Amazon is laying off hundreds of employees in its cloud division
Amazon is laying off hundreds of employees in its cloud division, emails obtained by BI show.
These cuts follow Amazon's elimination of about 160 advertising roles last week.
This downsizing comes after Amazon axed thousands of roles in 2023.
Amazon is laying off hundreds of workers in yet another round of cuts this year.
The latest round of job cuts will impact employees in its cloud division, Amazon Web Services, internal emails seen by Business Insider show.
The cuts will hit sales and marketing workers in addition to the team building tech for its retail stores, the emails said.
"We have made the difficult decision to reduce several hundred roles across specific Sales, Marketing, and Global Services (SMGS) organizations," Matt Garman, the SVP of sales and marketing at AWS, wrote in an email.
In an email to BI, an AWS spokesperson confirmed the job cuts.
"We've identified a few targeted areas of the organization we need to streamline in order to continue focusing our efforts on the key strategic areas that we believe will deliver maximum impact."
"We didn't make these decisions lightly, and we're committed to supporting the employees throughout their transition to new roles in and outside of Amazon.
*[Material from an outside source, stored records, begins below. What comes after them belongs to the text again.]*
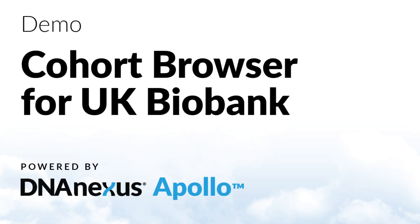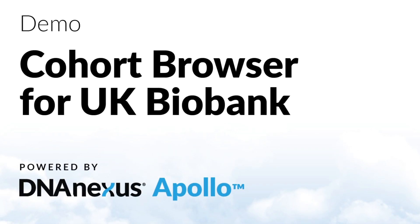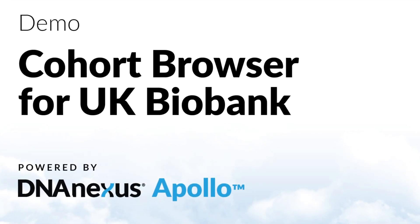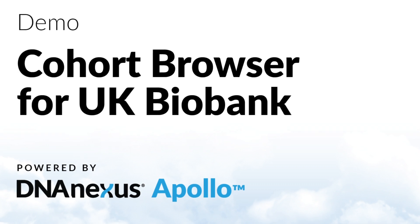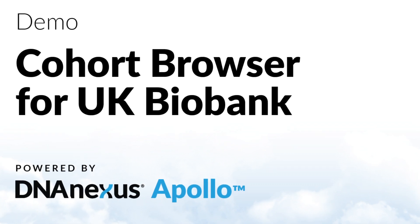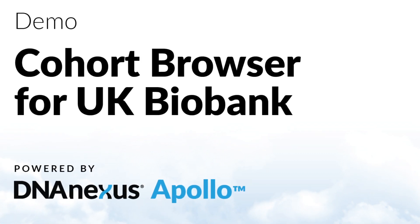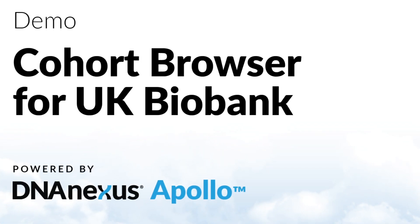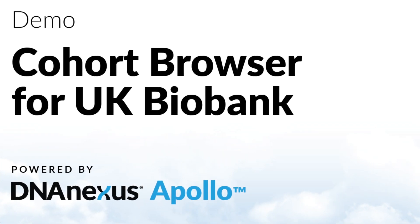The Cohort Browser has been used by scientists at the Regeneron Genetics Center as part of their effort to analyze and deliver the exome data of the UK Biobank study.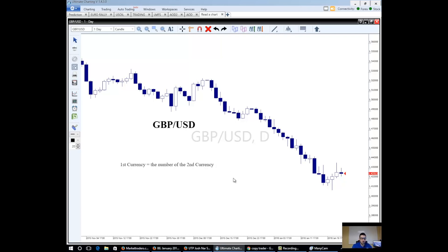Which means the Great British Pound is equal to $1.42 US, or $1.42 US is equal to one Great British Pound. Anyone who lives over in Great Britain — it's pretty cheap for you to come visit over here in the United States. If you live in the United States, you probably want to find another destination, because it's going to be pretty expensive for you to travel to Great Britain.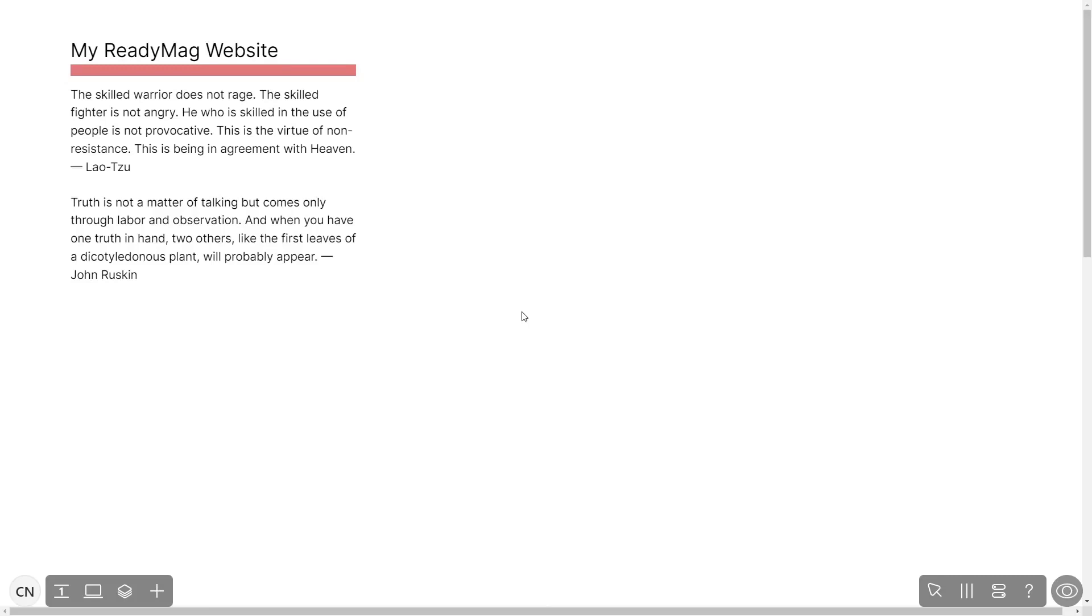Now let's head to the ReadyMag editor. Please note the widget's content will only show on the published website and only if you have a ReadyMag premium account.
These decisions are difficult but necessary as we continue to invest, hire, and optimize resources to deliver innovation for our customers," the spokesperson said in a statement.
Geekwire first reported the layoffs on Wednesday.
The AWS workforce reduction follows Tuesday's report that said the company was reducing its "Just Walk Out" technology team.
The job cuts are part of an ongoing mass cost-cutting campaign at Amazon. Last week, the company cut "up to 160 roles" in its advertising unit, Amazon's spokesperson told BI after it obtained an internal email announcing the cuts.
Earlier this year, Amazon also cut hundreds of jobs across its Prime Video and healthcare units.
The latest cuts come after the tech giant axed thousands of roles in 2023.
A recently obtained internal HR document from last year showed Amazon placed more employees on performance-improvement plans while carrying out the mass layoffs.